ANDRÉ
J. GOMES / http://www.contioutra.com/
Não,
eu não tenho certeza de nada. Nada. Aliás, eu não quero, obrigado. Tem gente
demais por aí exibindo convicção sobre tudo. Gente demais pontificando sobre as
doenças do gado, os novos astronautas, o cio da capivara. Gênios seguros
colecionando certezas sobre o que, no fundo, desconhecem. Façam bom proveito!
Daqui,
do meu canto no mundo cercado de dúvidas, tenho tantas questões a responder, tanta
dívida a pagar! Mas certeza, mesmo, nenhuma. Quando muito uma impressão aqui,
um palpite ali, uma intuição acolá. E todas elas me sopram no ouvido que as
perguntas mais fundas e os encargos mais altos não pesam tanto quanto a menor
convicção. E que acumular certezas na vida é como arrastar uma velha locomotiva
morta num terreno baldio.
Não
tem jeito. Uma hora isso tudo pesa. Isso. Você sabe o quê. Essa sanha por
razão, esse empenho por serventia, utilidade, importância. Nosso ímpeto de
glória, nossa corrida extenuante, nosso esforço por predileção e prestígio, as
infinitas tentativas de acerto, essa peleja contra o tempo, a idade, o outro, a
vida, a morte, o mosquito da dengue e o leão do imposto de renda, o bandido na
esquina e o vilão da novela. Isso tudo já pesa tanto! Para quê aumentar o fardo
com velhas certezas esfarelando ferrugem?
Está
certo. Eu compreendo que tanta gente por aí se refestele portando a verdade das
coisas, o latifúndio das crenças, o veredicto instantâneo de todos os crimes.

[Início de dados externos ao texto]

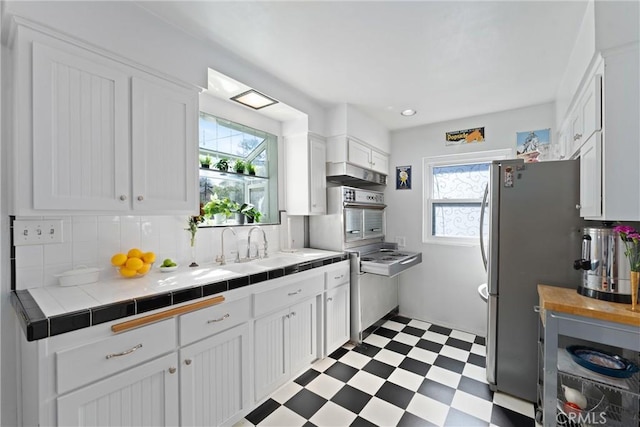 kitchen featuring a sink, white cabinets, tile counters, decorative backsplash, and light floors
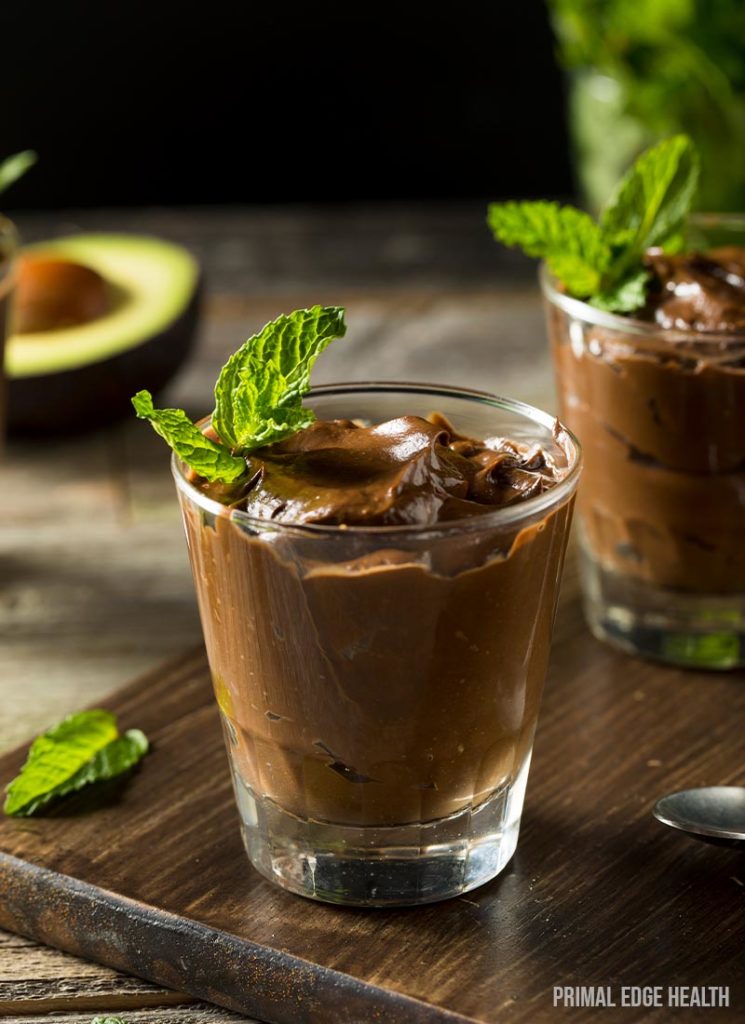 Two servings of keto chocolate avocado pudding with garnish.
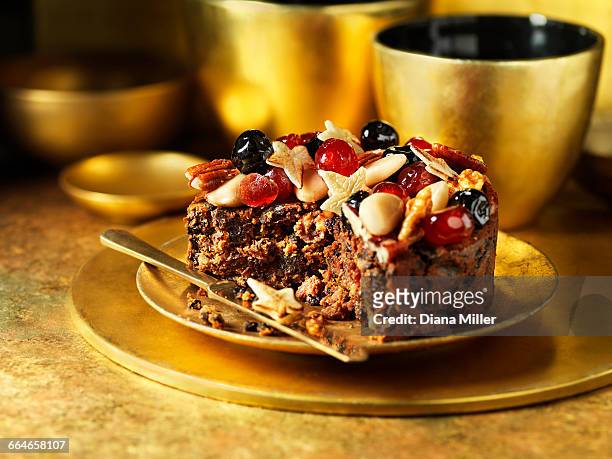 fruit and nuts decorating traditional fruit christmas cake - christmas cake ストックフォトと画像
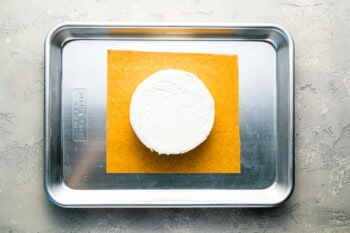 A piece of cheese on a baking sheet.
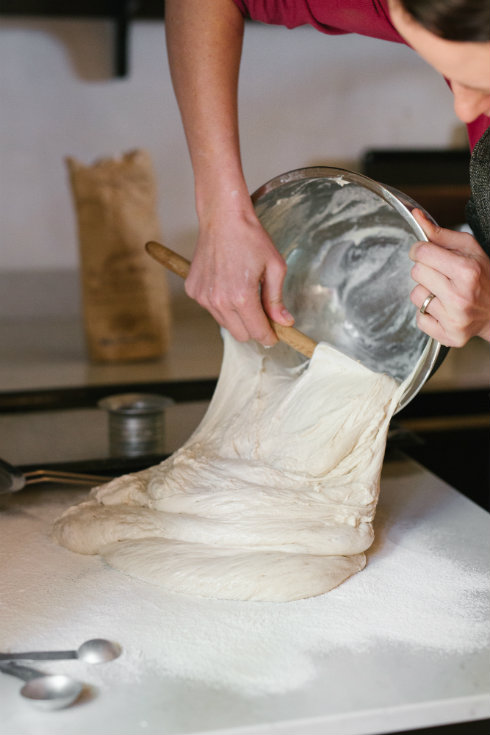 Transferring the proofed dough from the bowl to a floured surface. As you can see, it is very runny. (photography by Tasha Seccombe)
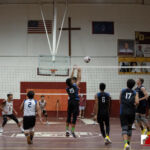 Harvest Eagle Calvin Laxamana connects with the ball against the FD Friars. ( Photo by Bout It Productions )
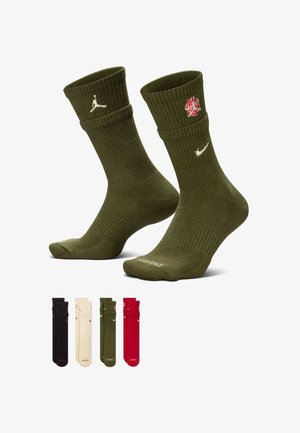 To olivengrønne crew-sokker med hvite Nike- og Jordan-logoer, rød roseemblem, og fire ekstra par i svart, beige, oliven og rød under.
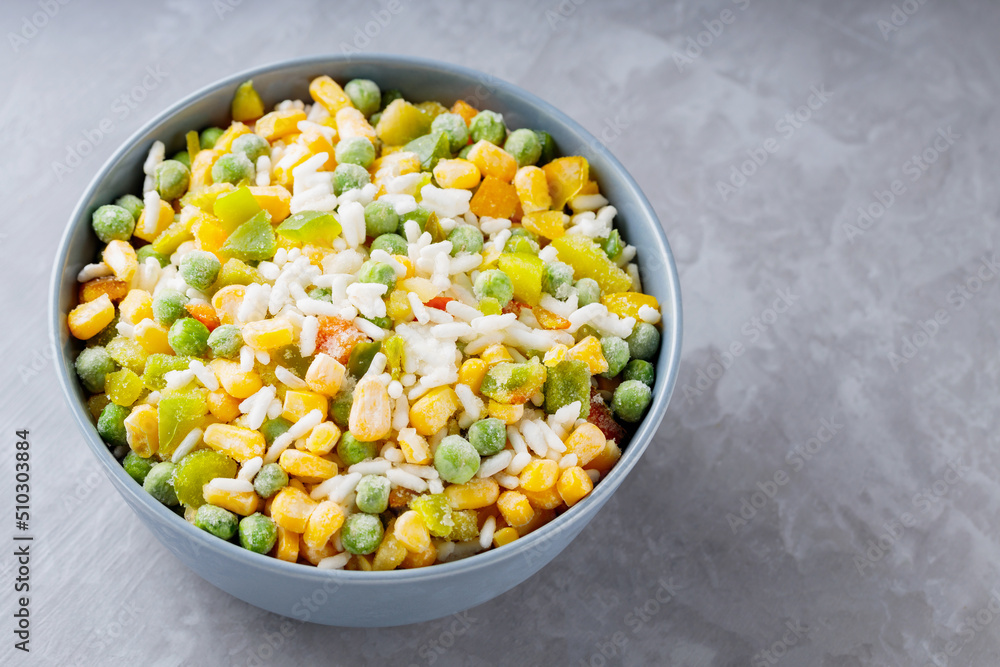 Bowl with mixed frozen vegetables with rice on a gray background. Frozen vegetables retaining all nutrients: green peas, corn, bell pepper. Healthy food concept. Top view. Copy space Bowl with mixed frozen vegetables with rice on a gray background. Frozen vegetables retaining all nutrients: green peas, corn, bell pepper. Healthy food concept. Top view. Copy space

Entendo de longe o prazer de exibir tudo isso pendurado no pescoço como o maior
diamante do mundo. Mas eu ainda prefiro a leveza das dúvidas corriqueiras.
Prefiro,
sim, o movimento incerto de um dia depois do outro. Escolho não saber do futuro
mais que o imediato instante seguinte. Não me interessa por enquanto o que vai
na última página do livro, mas tenho aqui uma impressão humilde de que o que lá
estará depende do que eu fizer agora.
Não,
eu não sei o quanto vai chover amanhã. Mas sinto alegria de olhar a água no
pote de sorvete roído nas bordas, esperando mansa as lambidas largas do
vira-lata que vê em mim seu melhor amigo.
Que
sejam felizes os oráculos, suas certezas profundas como os pires e sua
sabedoria de papagaio. Eu prefiro a leve e boa descoberta do que repousa
debaixo dos móveis, nos vãos do sofá, dobrado entre as páginas de um livro cuja
leitura retomamos de quando em vez.
Não,
eu não tenho certeza de nada.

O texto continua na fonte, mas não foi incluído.